(Dataset entries)
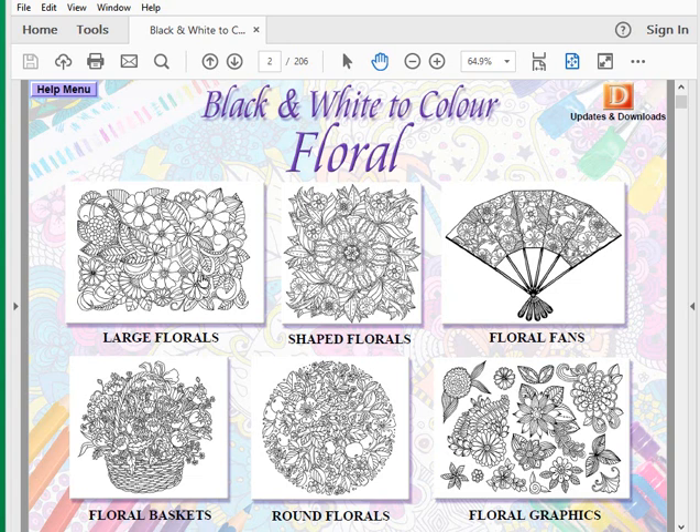I'd like to take you on a quick walkthrough tour of the CD-ROM. The new one is called 'Black and White to Color' and this is the floral one in the range we have for you. Coloring in has become really popular — it's a fantastic hobby, it's very relaxing and quite good fun for all ages. This CD, as the title suggests, is based on themes around flowers and florals.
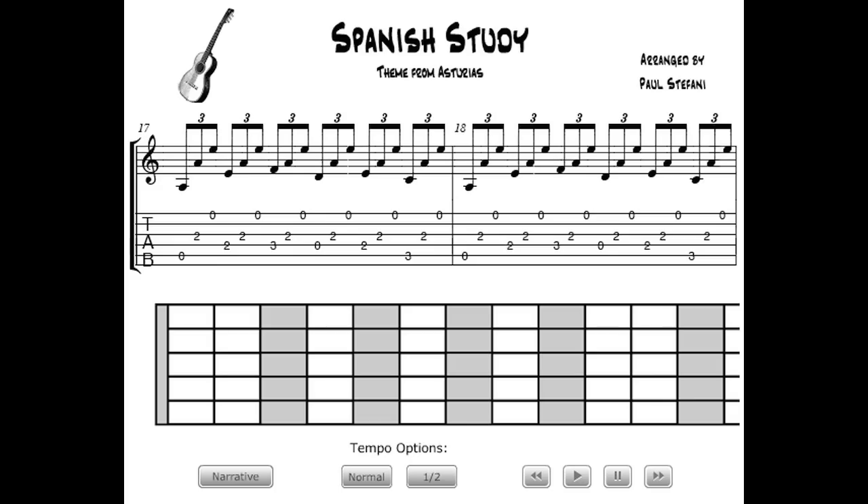The second half of Spanish study presents more of a physical challenge, as triplets are introduced with the inclusion of the A on the third string. This section should be handled by the right-hand thumb, index, and ring fingers to achieve speed and a uniform flow.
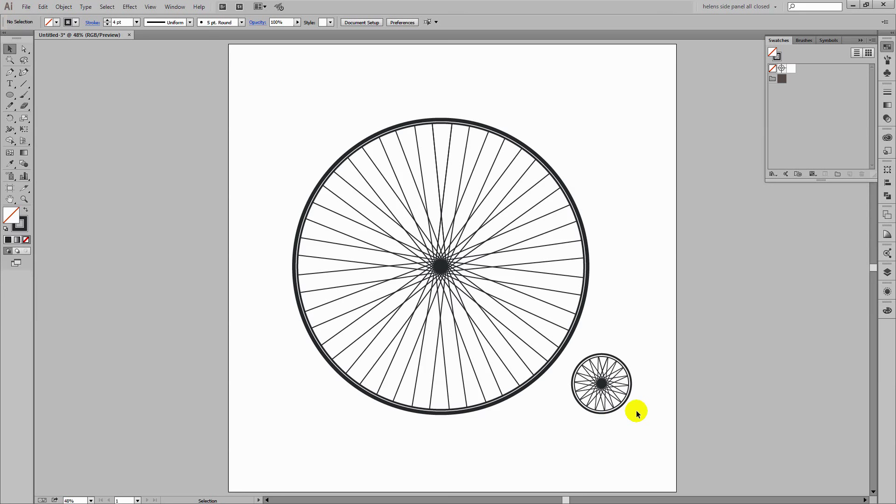Now let's create the actual framework of the bicycle using the line segment tool. I'm going to click in the middle of this shape and drag upwards. This is going to be the thing that holds the handlebar so I'm going to hold the shift key so that it's aligned in a straight line — going up high enough for the handlebars. I'm also going to widen this because it needs to be quite a bit wider.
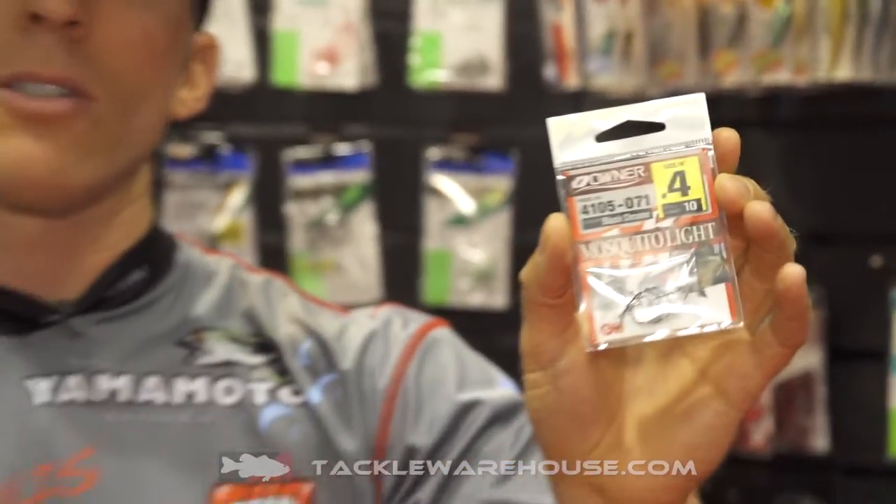For your drop shotting applications, even for other species — panfish, trout — look for this hook. With light line techniques, it's going to be available in sizes 10 all the way to 1 aught.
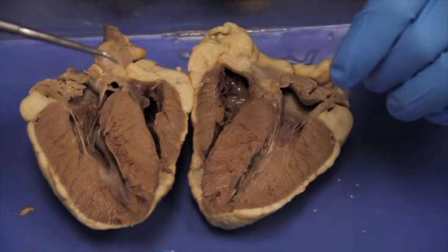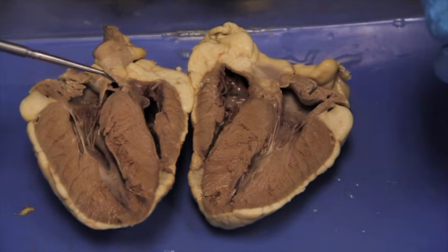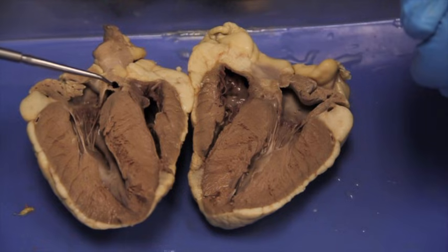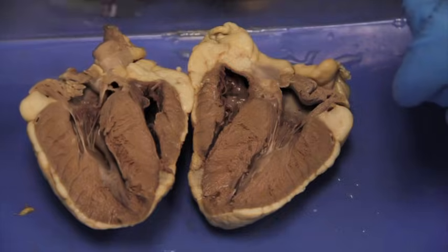Before you begin cleanup, ask your instructor to quiz each individual in your group on the parts of the heart. Once quizzed and your instructor gives you the green light, go ahead and clean up your area, tools, and throw away your heart in the correct place. Good luck.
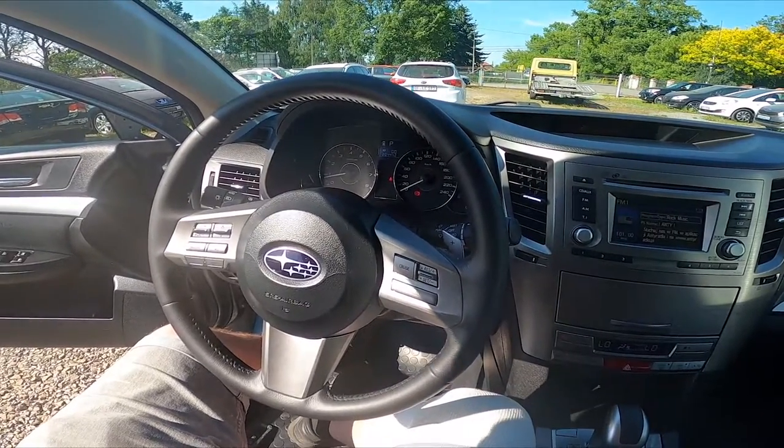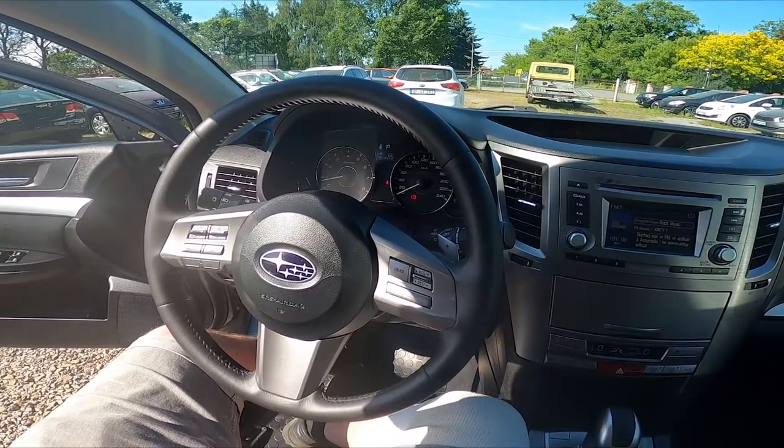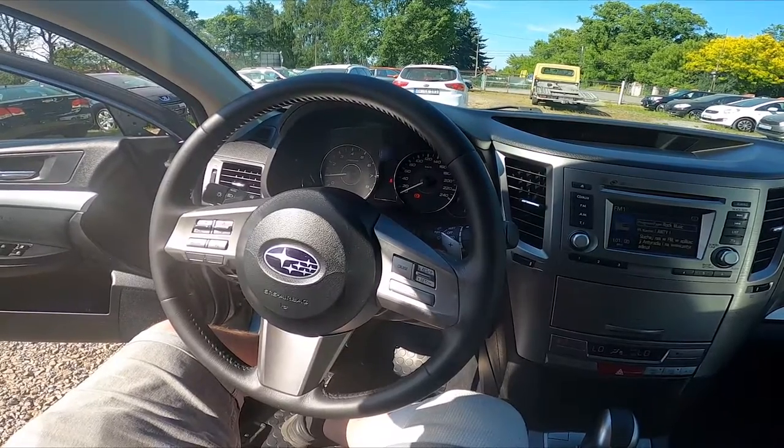Hello, today I'm in Subaru Legacy. In this video I'll show you where is the aux jack located.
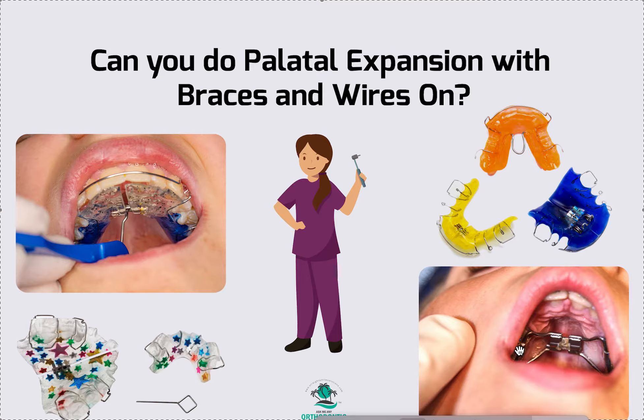If you're going to do the banded expander, you want to make sure you ask for buccal soldered buccal tubes on your appliance. The lab slip is going to say: 'Please fabricate maxillary palate expander with bands and soldered buccal tubes.' That's going to be your lab slip for that.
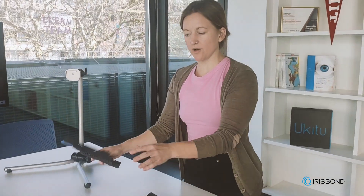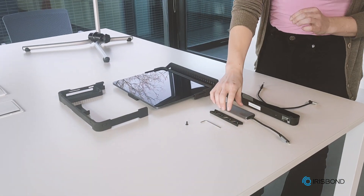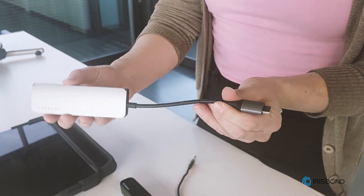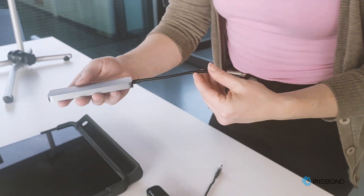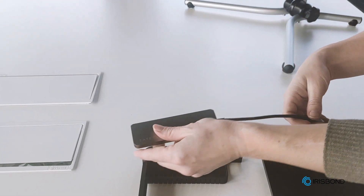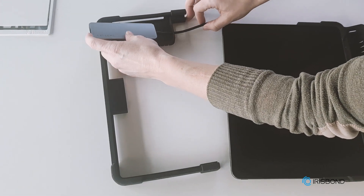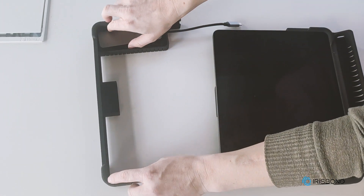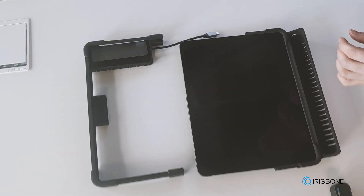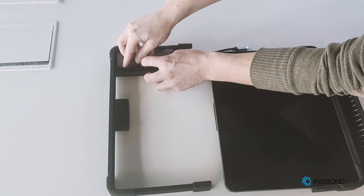Now I'll take the top part of my Osco, and before I put it together, I want to add my hub. We use a hub for the iOS version of our iDay solution. So we'll take the hub with the ports on the right side, put the cord through here, and place the hub in this space. There's also a little spring that comes with the Osco — this just holds the hub in place.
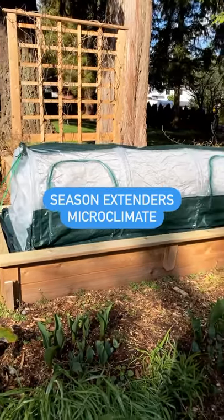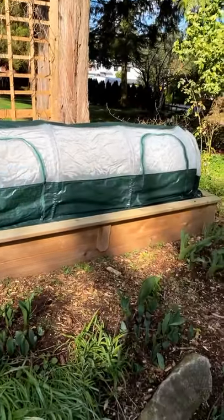Hey everyone! Just a couple of tips on utilizing season extenders and creating microclimates.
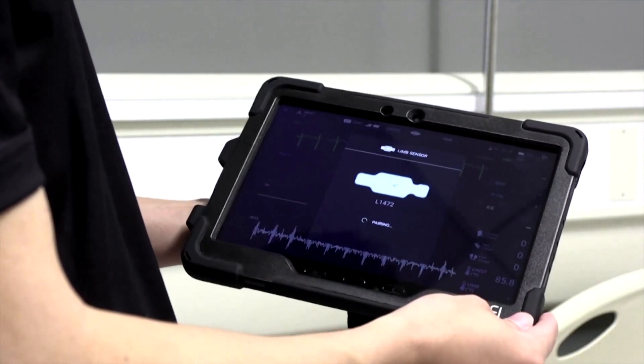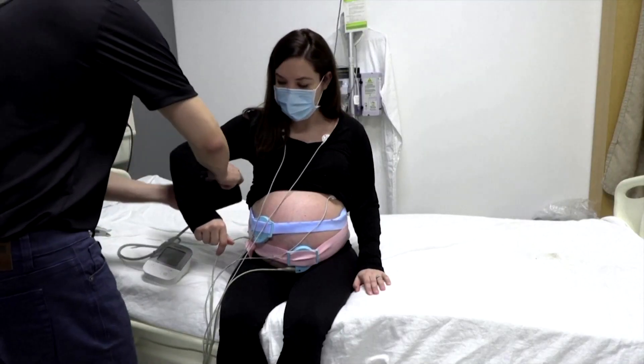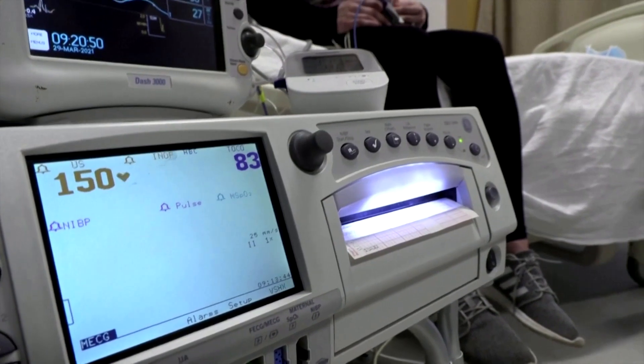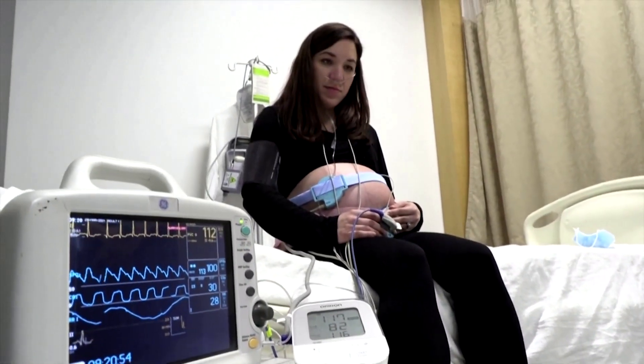Once you stick them on, they have a better capacity to detect heart rate without constantly having to shift them every time you move. You're not tethered to the wall to this big unit that interprets all the information. It is incredibly liberating to have just a few patches that collect your information and the baby's information, and not feel that you're trapped in all of these wires.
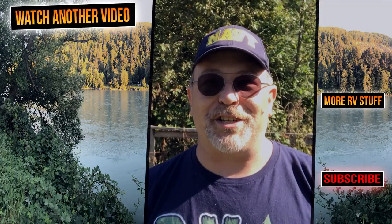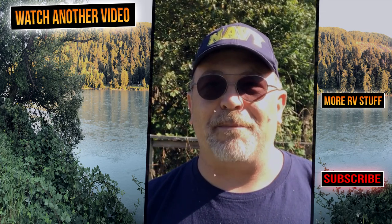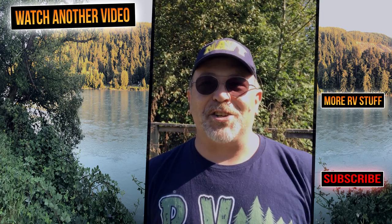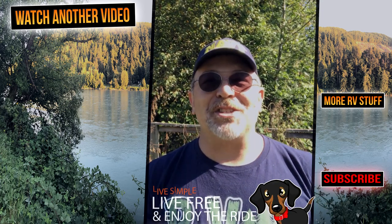Lory and I would like to thank you so much for watching. And definitely subscribe for more videos like this in the future. If you haven't already done so, go over and check out 3TailsRV.com for more blogs and instructional videos. Until next time, remember, live simple, live free, and enjoy the ride. And we'll see you next time.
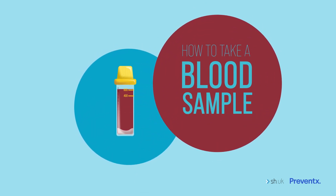Hello. Our kits are designed to make taking blood as easy as possible. Taking your own blood sample can be tricky, so I'm going to take you through tips and tricks to make it more likely to work for you.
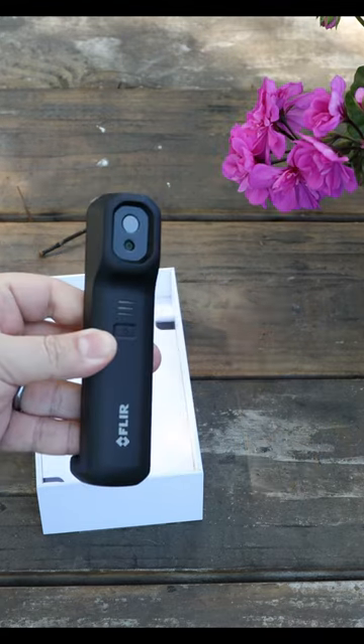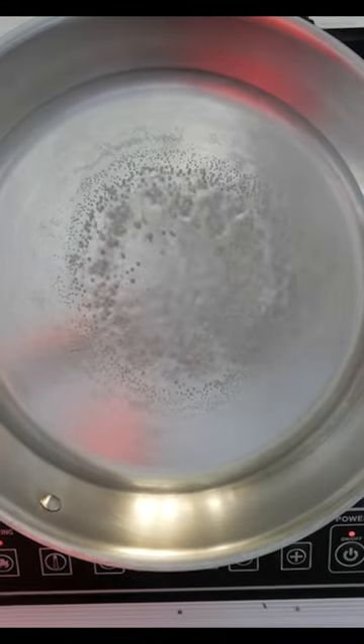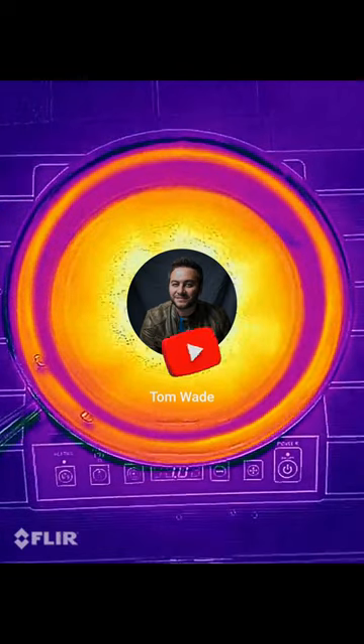Maybe we can do a comparison between cast iron, carbon steel, and stainless steel, or even take a look at induction stovetops and their efficiencies. And of course, check out my full video reviewing this thermal imaging camera on my YouTube channel.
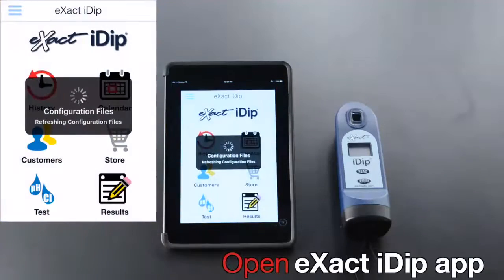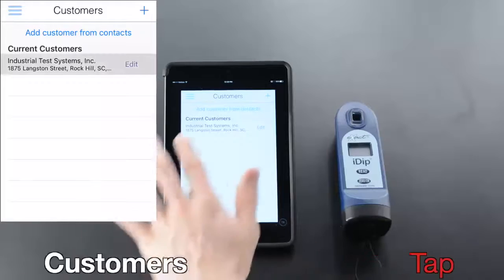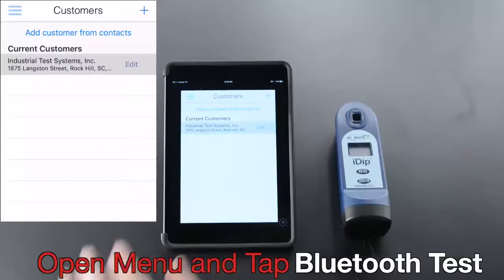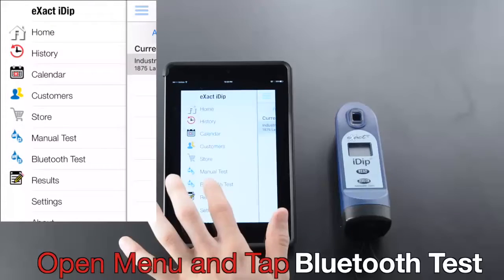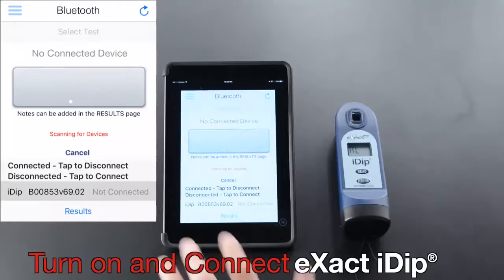Open the eXact iDip app, tap Customers, select customer, open menu and tap Bluetooth Test, then turn on and connect the eXact iDip.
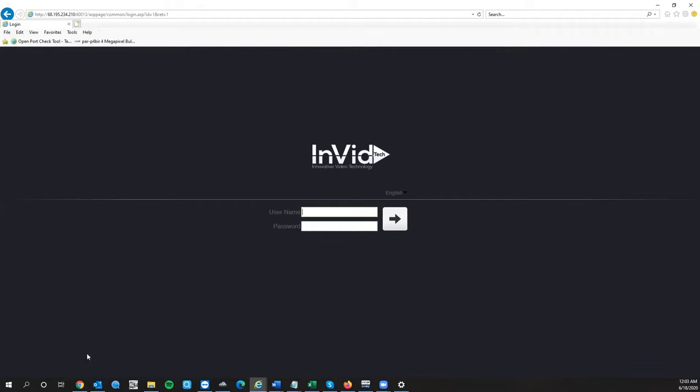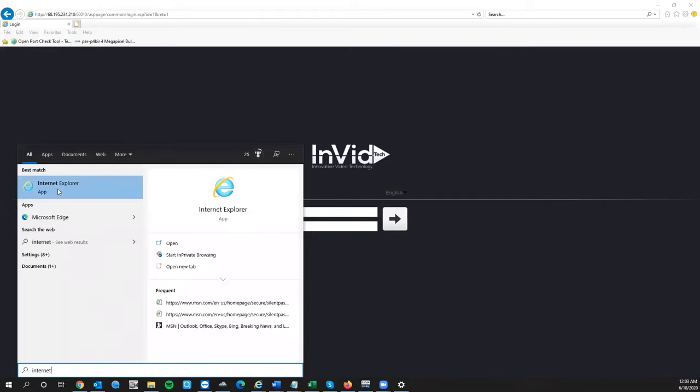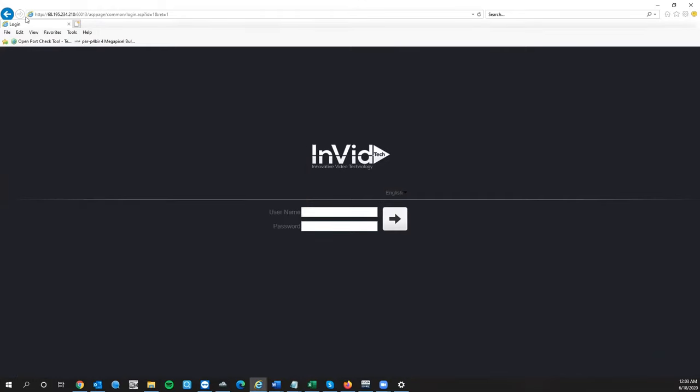Internet Explorer — the blue browser with a yellow ring around it. If you're on a Windows 10 PC, Internet Explorer is often hidden. Hit the magnifying glass in the bottom left, type in the word 'internet', and click on the browser. You get the full range of options and settings to set the camera up. For viewing purposes you can use Chrome or Firefox, but for the setup process, Internet Explorer is highly recommended. Your username is admin and your password is 1234567U. If you defaulted the unit, that password resets to default as well.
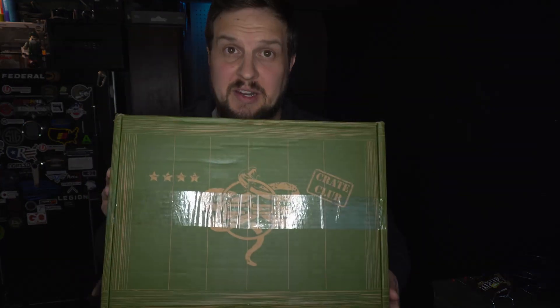Hey guys, Work here. Welcome back to Work the Trigger. So today we've got something a little bit different for you — it is an unboxing, but it's an unboxing from a subscription box. So today we have a box from Crate Club.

## WHAT THIS TASK INVOLVES
After locating the line containing "For your drop" in the entries above, return it and every line after it exactly, ending at the line containing "Hey everyone! Just", without pictures.

## SOLUTION
For your drop shotting applications, even for other species — panfish, trout — look for this hook. With light line techniques, it's going to be available in sizes 10 all the way to 1 aught.
Before you begin cleanup, ask your instructor to quiz each individual in your group on the parts of the heart. Once quizzed and your instructor gives you the green light, go ahead and clean up your area, tools, and throw away your heart in the correct place. Good luck.
Hello, today I'm in Subaru Legacy. In this video I'll show you where is the aux jack located.
If you're going to do the banded expander, you want to make sure you ask for buccal soldered buccal tubes on your appliance. The lab slip is going to say: 'Please fabricate maxillary palate expander with bands and soldered buccal tubes.' That's going to be your lab slip for that.
Now I'll take the top part of my Osco, and before I put it together, I want to add my hub. We use a hub for the iOS version of our iDay solution. So we'll take the hub with the ports on the right side, put the cord through here, and place the hub in this space. There's also a little spring that comes with the Osco — this just holds the hub in place.
Hey everyone! Just a couple of tips on utilizing season extenders and creating microclimates.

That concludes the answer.